§ **Problem details**
Copy out exactly the lines below that run from the one holding "Bálsamo labial" to the one holding "UEFA Avrupa Ligi", keeping both of those lines and no others.

§ **Data extract**
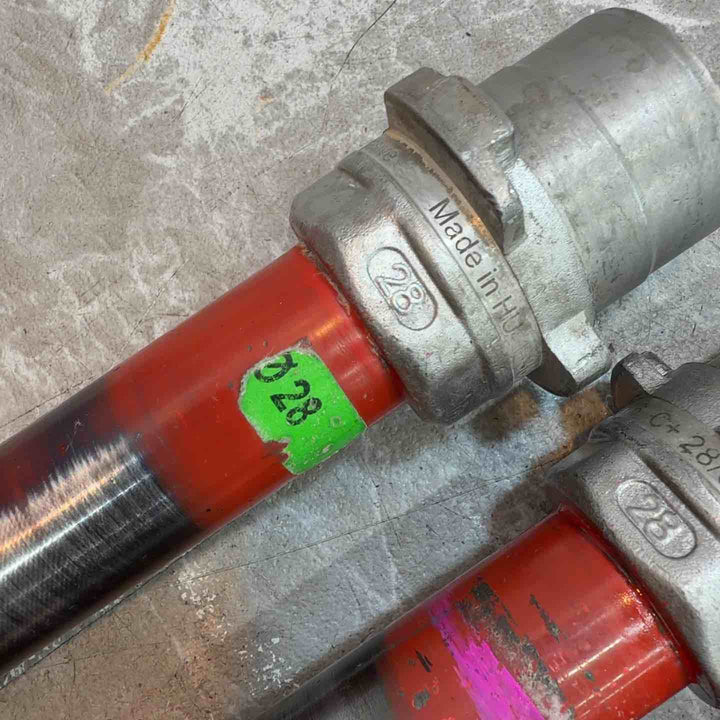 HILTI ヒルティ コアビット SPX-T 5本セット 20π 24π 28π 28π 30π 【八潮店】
* * *
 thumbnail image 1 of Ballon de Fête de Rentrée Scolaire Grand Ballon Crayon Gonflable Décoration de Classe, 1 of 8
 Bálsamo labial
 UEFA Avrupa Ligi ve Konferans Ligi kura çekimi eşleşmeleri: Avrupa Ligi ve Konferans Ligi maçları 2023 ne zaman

§ **Answer to this task**
 Bálsamo labial
 UEFA Avrupa Ligi ve Konferans Ligi kura çekimi eşleşmeleri: Avrupa Ligi ve Konferans Ligi maçları 2023 ne zaman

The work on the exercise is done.